In the unborn baby (fetus) symptoms may include:

  • Anemia, which can be seen using specialized ultrasounds called middle cerebral artery (MCA) Doppler ultrasounds
  • In severe cases, untreated anemia can progress to hydrops (condition in which large amounts of fluid buildup around organs cause extensive swelling), organ damage and death

In the newborn baby symptoms may include:

  • Anemia which is measured by a blood draw for hemoglobin/hematocrit and sometimes noticeable as paleness, lethargy, fussiness or rapid breathing or heart rate
  • High bilirubin (hyperbilirubinemia) which his measured by blood draw for total serum bilirubin and sometimes noticeable as yellowing of skin or eyes
  • Bilirubin encephalopathy which can be noted by high pitched crying or seizures (in severe untreated cases; rare in developed countries)
  • Low white blood cell count (neutropenia) in some cases
  • Low platelet count (thrombocytopenia) in some cases

If untreated or if not treated quickly, HDFN can progress to hydrops, organ failure and death.
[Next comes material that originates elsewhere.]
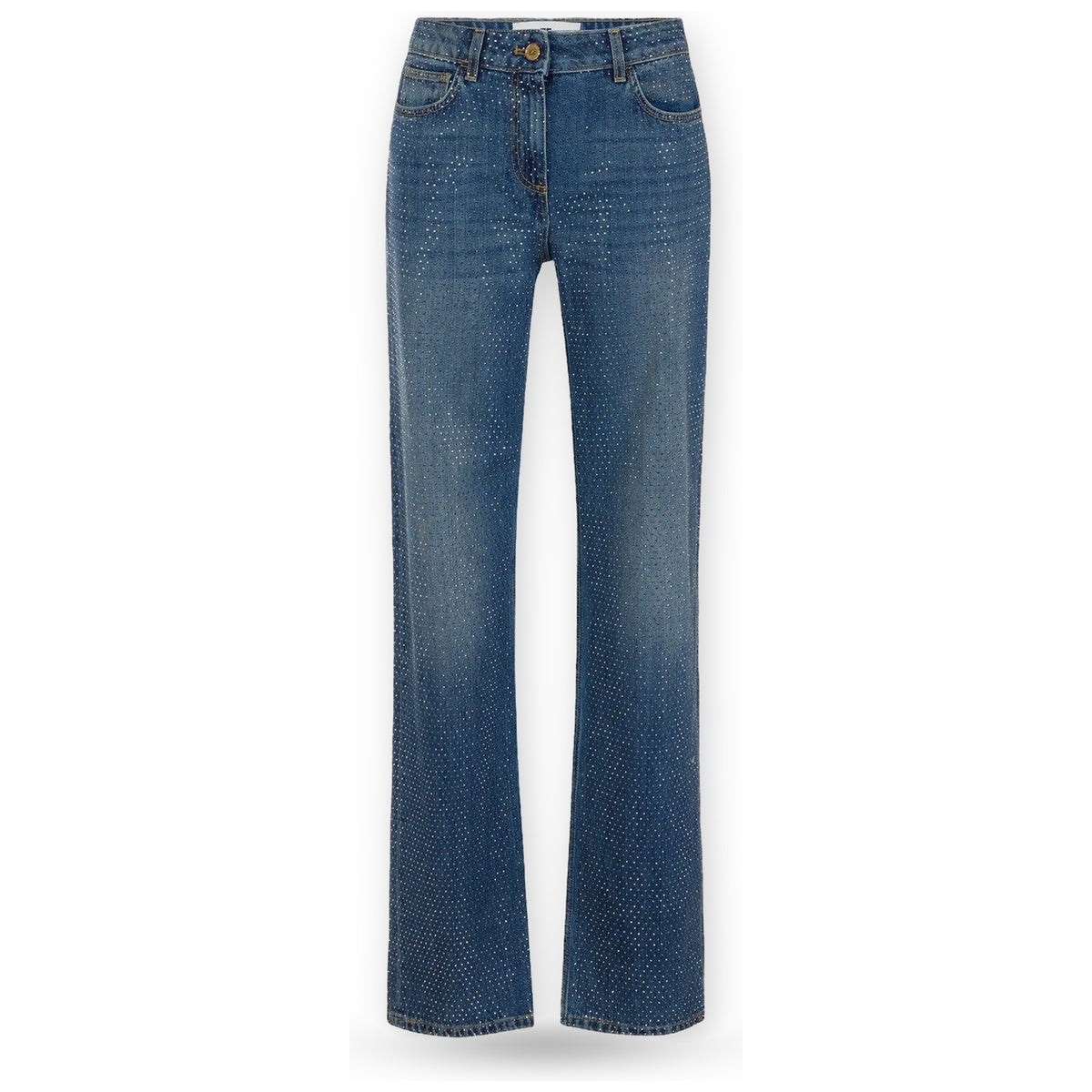 Pantaloni Donna Elisabetta Franchi - Pantalone mod. jeans PJ24D66E2 - Blu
Hyperbilirubinemia is not a concern while the baby is inside the uterus, but it can become serious in newborn babies. If not managed well, hyperbilirubinemia can cause brain damage, developmental delay, hearing impairment or death. With proper management, survival rates of 92-98% have been reported in skilled referral centers.

After birth the child remains at risk of HDFN until maternal red cell antibodies are cleared from the child’s blood, usually by 12-15 weeks of age. Long-term health problems are rare. Challenges with development (like cerebral palsy and hearing issues) have been reported in 4.8% of children who required intrauterine transfusion (IUT) for HDFN, but this was mostly in cases of severe hydrops, which is almost always preventable with close monitoring and timely, skilled treatment.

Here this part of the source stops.